Chroniques

par isabelle stibbe

Mignon
opéra d’Ambroise Thomas

Opéra Comique, Paris
- 10 avril 2010
Elisabeth Carecchio photographie Mignon (Thomas) à l'Opéra Comique (Paris)
© elisabeth carecchio

Œuvre chevillée au corps de l'Opéra Comique où elle fut créée en 1866 et causa son incendie de 1887, Mignon fut jouée des milliers de fois avant de tomber en désuétude dans les années cinquante. Comme pour beaucoup d'autres du répertoire français, cette partition a mauvaise presse aujourd'hui : on souligne à l'envi l'invraisemblance du livret (bien qu'inspiré par le roman de Goethe, Les Années d'apprentissage de Wilhelm Meister), la faiblesse de l'orchestration, l'académisme d'Ambroise Thomas (1811-1896), etc.

Pourtant, cette nouvelle production est la preuve que Mignon peut encore toucher. Non pas par un « dépoussiérage » qui transposerait la mise en scène pour rendre l'œuvre plus moderne, mais par la qualité des interprètes et la bonne facture des propositions artistiques.
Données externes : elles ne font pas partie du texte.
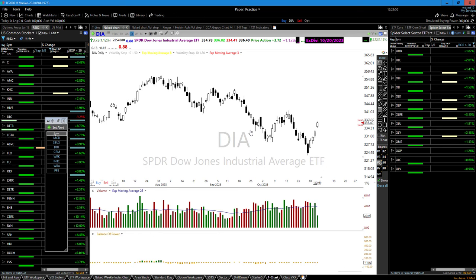I would make just enough money from time to time to think I was on the right track, only to lose it all back. When the market is just clicking and everything is bullish, you can make every mistake in the book and make money. How many of you would admit you've mistaken a bull trend for genius? I did a lot — thought I was a genius. It was just a really strong bullish trend that made it easy.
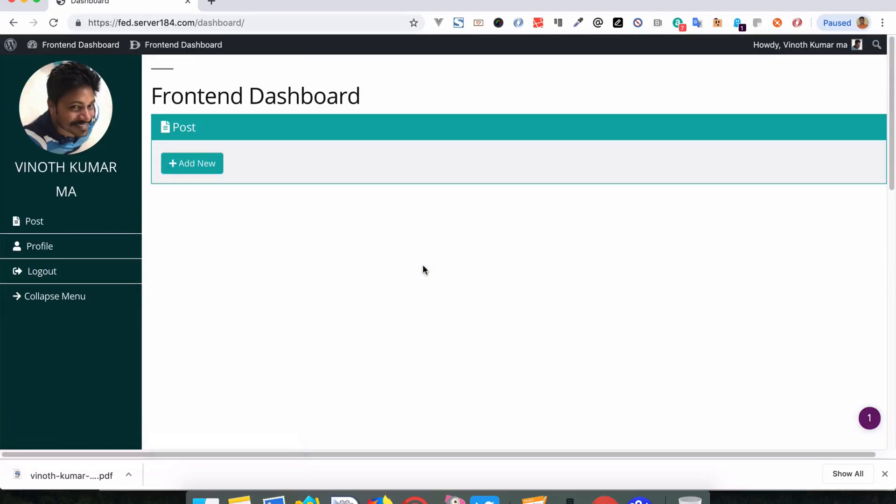Now we've successfully logged in with the Twitter account. Thanks for watching.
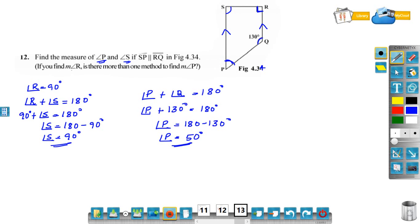There is more than one method to find the measure of angle P. You can use the angle sum property of a quadrilateral, that is the sum of all angles of a quadrilateral is 360 degrees. By using that property also, you can find the measure of angle P.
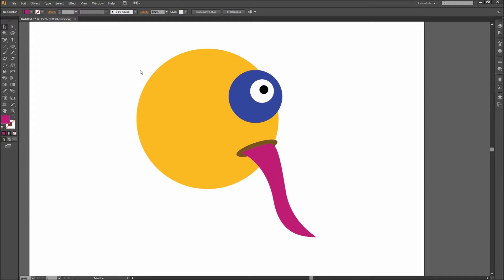Today in Illustrator, I'm going to be showing you how you can quickly add gradient meshes to add shading and depth to your objects. Here you can see I have a poorly illustrated character comprised of a few different shapes.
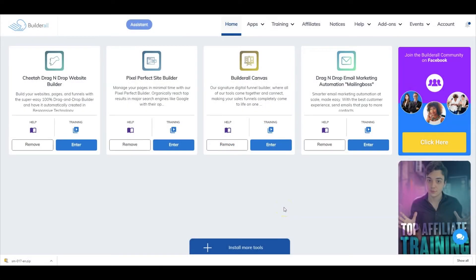Hi, I'm Frank Jimenez with the BuildRAW team. In this video, I will walk you through how to easily connect your leads to your Mailing Boss.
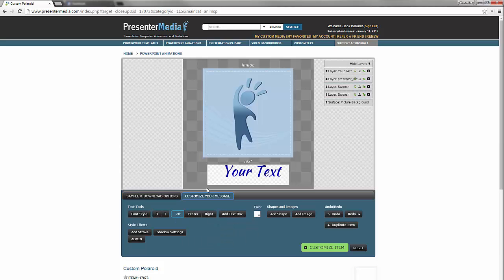There you'll notice that there is a canvas up top where you have your text area and your image area. Over to the right hand side you'll have a layers palette.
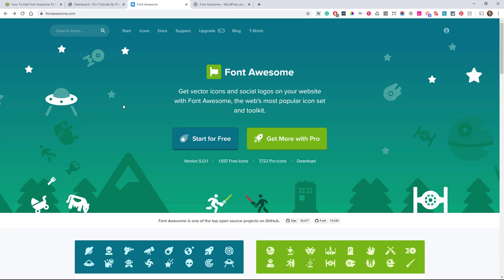So we're going to have some tutorials coming up where we're going to be adding icons to places in Divi like our menu and to the social media module. We're going to add like 50 icons there. It's going to be epic. But we're going to need to have Font Awesome installed before we can get to them. So that's why I'm kind of throwing this tutorial in there now because we're going to need to reference back to this. Like if a beginner who hasn't done this before needs to follow that tutorial, we can link back to this one.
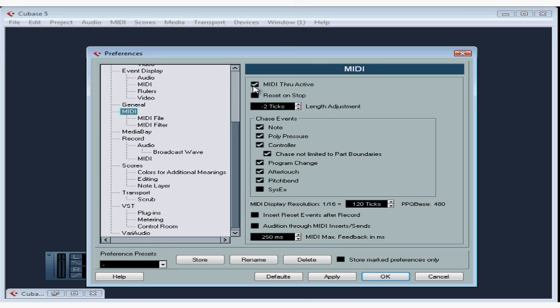Generally this should be activated. You also need to set your instrument to local control off, and you'll need to see your instrument's operating manual for details about how to do this. Basically, if local control is on,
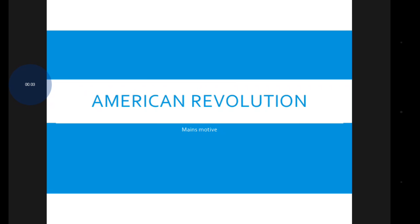Hello viewers. In this video I am going to show about the American Revolution, how it happened. This lecture is only based on your mains motive, so UPSC mains paper GS paper one is covered under the world history topic on American Revolution.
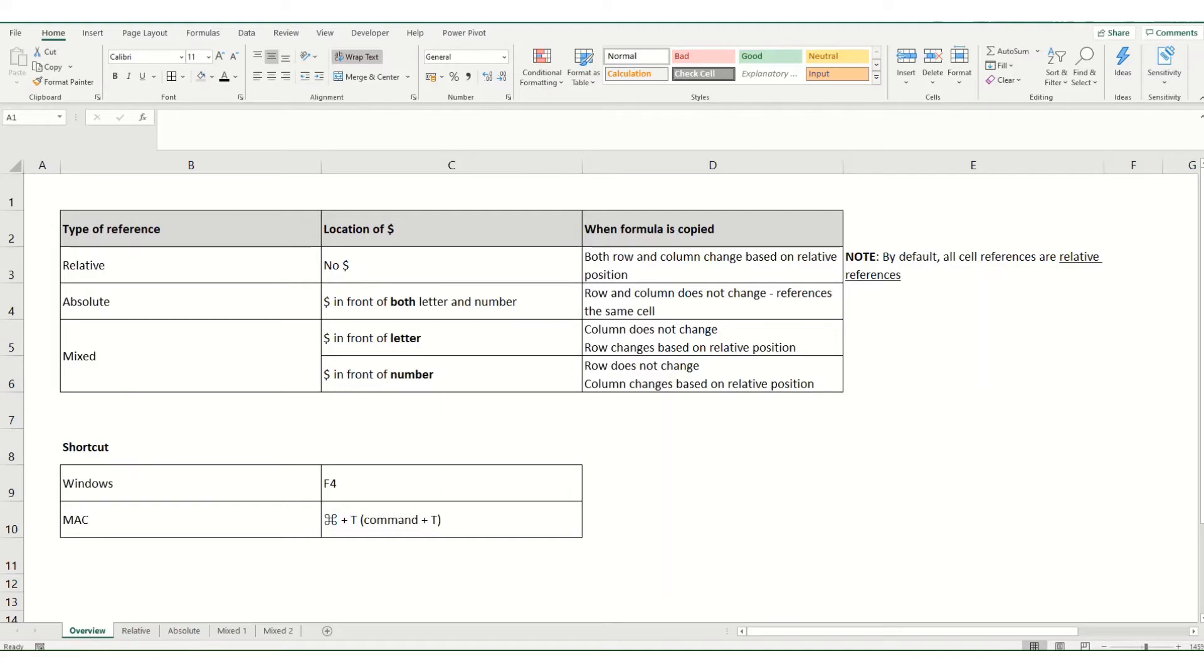We'll also cover the shortcut for cell references, which in Windows is the F4 key, and on Mac it's command and T.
Quand bien même ne croirait-on plus une seconde au livret, quand bien même ne serait-on pas féru de musique française, restent les sentiments humains qu’exprime la partition et dont on se rendra compte qu’ainsi interprétés ils savent toujours provoquer l'émotion.
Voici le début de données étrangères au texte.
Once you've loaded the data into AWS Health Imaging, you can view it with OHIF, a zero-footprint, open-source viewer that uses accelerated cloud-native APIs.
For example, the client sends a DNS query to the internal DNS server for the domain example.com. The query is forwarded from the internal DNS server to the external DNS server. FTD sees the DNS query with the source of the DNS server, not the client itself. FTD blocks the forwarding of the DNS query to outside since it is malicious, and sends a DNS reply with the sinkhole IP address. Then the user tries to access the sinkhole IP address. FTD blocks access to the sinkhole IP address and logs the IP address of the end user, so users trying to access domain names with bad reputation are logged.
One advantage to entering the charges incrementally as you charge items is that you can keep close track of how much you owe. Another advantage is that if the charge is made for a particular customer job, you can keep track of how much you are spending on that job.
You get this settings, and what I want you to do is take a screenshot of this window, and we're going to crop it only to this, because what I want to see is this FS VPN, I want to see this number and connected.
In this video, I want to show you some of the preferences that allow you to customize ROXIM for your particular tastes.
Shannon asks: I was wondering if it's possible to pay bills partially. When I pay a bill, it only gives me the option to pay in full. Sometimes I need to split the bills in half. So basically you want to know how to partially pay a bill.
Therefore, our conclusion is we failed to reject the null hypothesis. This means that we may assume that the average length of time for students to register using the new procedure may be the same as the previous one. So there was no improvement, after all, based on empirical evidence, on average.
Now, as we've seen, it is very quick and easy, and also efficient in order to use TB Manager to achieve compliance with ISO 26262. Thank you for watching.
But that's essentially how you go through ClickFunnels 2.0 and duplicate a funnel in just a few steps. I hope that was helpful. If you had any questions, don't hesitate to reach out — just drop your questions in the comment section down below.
Pour sa mise en scène, Jean-Louis Benoit a choisi de situer Mignon dans une ambiance fin XVIIIe siècle. Costumes de l'époque de Goethe et lumières placées dans un contre-jour pictural créent une atmosphère aux réminiscences strehlériennes. Ajoutés à une bonne utilisation de l'espace, notamment pour les chœurs, et à une direction d'acteurs judicieuse, tous les ingrédients sont réunis pour une production efficace.

À la tête de l'Orchestre Philharmonique de Radio France, François-Xavier Roth a choisi, quant à lui, de disposer la fosse de l'orchestre à l'ancienne : les musiciens sont tournés vers le plateau au lieu de la salle, de manière à retrouver, comme en musique de chambre, une connivence entre chanteurs et musiciens. Soit. Le chef lui-même se trouvant face au public, ce qui permet aux spectateurs d'observer chacune de ses expressions, on pouvait craindre qu'il s'éloignât du plateau. Par bonheur, ce n'est pas le cas. Bien au contraire ! Toujours à l'écoute des chanteurs, Roth impulse une direction fine, précise, parfois jubilatoire, et toujours d'une grande maestria.
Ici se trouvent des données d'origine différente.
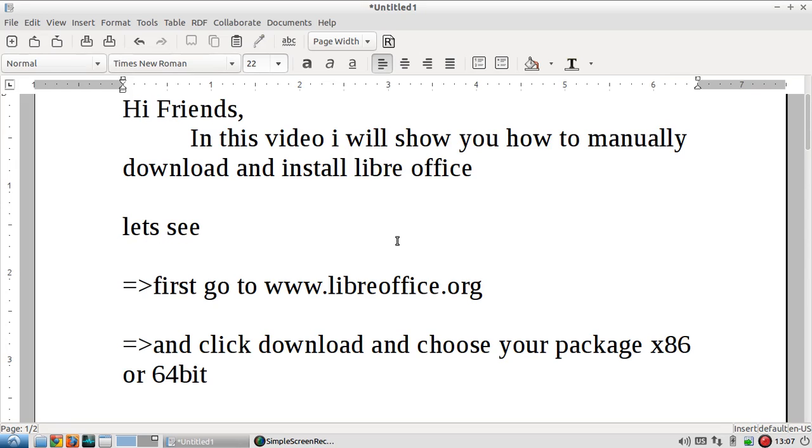Hi friends, welcome to Linux Tutorials. In this video, I will show you how to manually download and install LibreOffice package. Let's see the video.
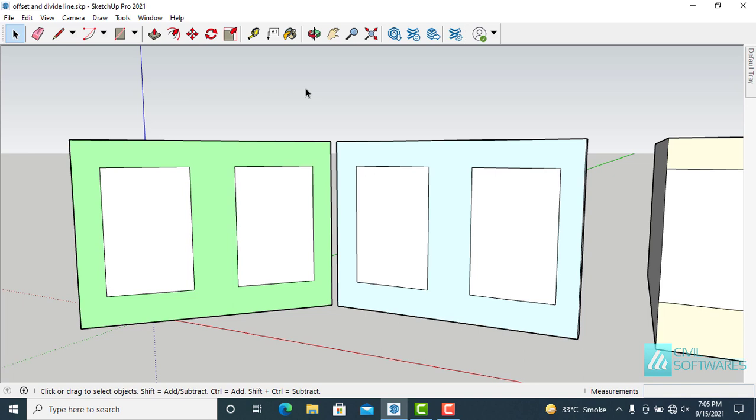In this video we will discuss offset and divide tools in Sketchup. Offset tool is easy and useful when we want to replicate a shape within itself or outside of itself.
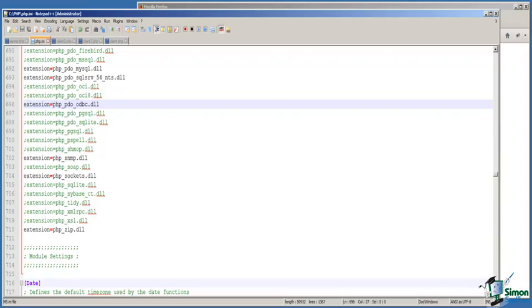In this demonstration, we're going to examine web services. To do that, we're going to use the NuSOAP library.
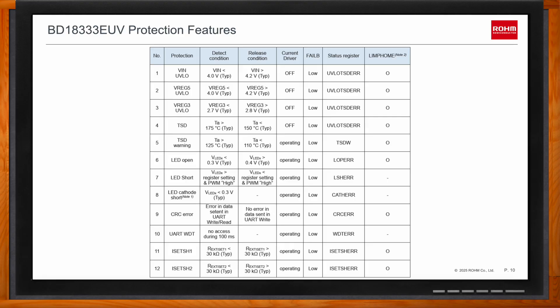If the I-set pin is shorted to ground, the part will issue a fault flag. Each protection feature has a different status register to indicate the fault, but any fault is also conveyed through the device's external fault pin. The right-hand column of the table indicates whether each protection feature can be detected while the device is in limp home mode.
Du côté de la distribution, on regrette que le rôle de Wilhelm Meister ait été confié à un Espagnol, Ismael Jordi, dont l'accent extrêmement prononcé tranche trop avec la bonne diction des autres chanteurs. On n'apprécie pas plus sa voix souvent raide, en force et tendue dans les aigus. On n'est pas non plus friand de Malia BendiMerad (Philine) à qui l’on reconnaîtra une voix facile mais dont le son flûté et sans chair rappelle une façon de chanter datée.

Les seconds rôles sont de meilleure tenue, du Laërte débonnaire de Christophe Mortagne au Lothario imposant de Nicolas Cavallier, malgré un Frédérick (Blandine Staskiewicz) surjoué et surarticulé. Rien à redire, en revanche, de Marie Lenormand qui, avec son petit visage de moineau triste, compose une Mignon très touchante aux allures d'Oliver Twist. Sans disposer d'une voix très puissante, le mezzo fait mouche grâce à une grande musicalité et une implication qui contribue largement au succès de la représentation. Une jeune chanteuse à suivre.